Each night I go to sleep under Granddaddy's blanket.
I carefully stitched his nametag back on a few years ago.
When I gaze at photos of him now, I address him as Fred.
He is my hero.
I know he had his secrets.
His favorite horse was named Rosie, after a young woman he knew in New Mexico.
Rosie, literally, was a work horse.
When he was just out of high school,
a man he knew in town asked him where he was going to college.
My grandfather replied, "My father said there is no money."
Mr. Lawrence, the banker, said, "Your father can afford to send you wherever you want."
My grandfather escaped a life of farm work and went to Cornell to study forestry.
I don't know that he ever went home again.
He did write to his mother regularly: from Cornell, the Black Forest, New Mexico, Wisconsin, Washington, D.C. and Missouri.
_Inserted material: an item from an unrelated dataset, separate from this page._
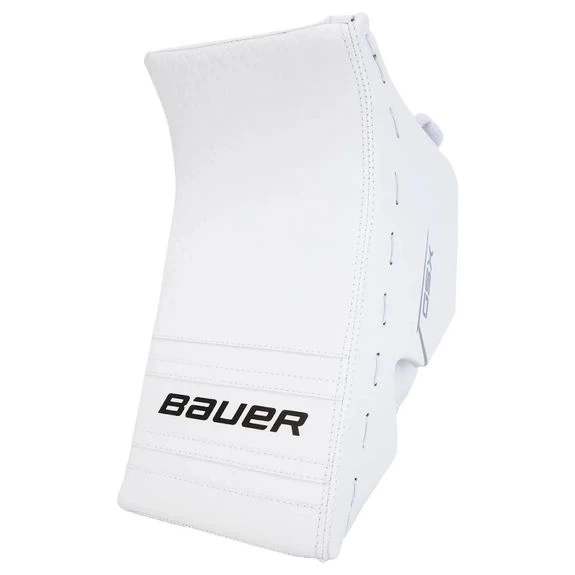 Bouclier Bauer GSX Junior 6 Bouclier Bauer GSX Junior – Image 4
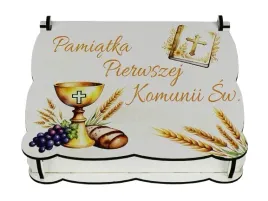 pamiatka-pierwszej-komunii-swietej-pudelko-na-upominek-personalizacja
He met my grandmother, Florence Hallowell, on the boat to Europe.
She was to go stay with her Aunt Sara for 2 years in France.
My Aunt Marion told me that Florence did not hear from Frederick for 3 years, until he was finished working in the Black Forest.
He went to Morais to see her and they were married in her home town of Chicago in 1906.
Their first child, Nathaniel, died after 1 day. The doctor held the forceps too tightly around his skull.
In 1910, my uncle was born. My grandparents named him Lawrence, after the good banker back in Ohio.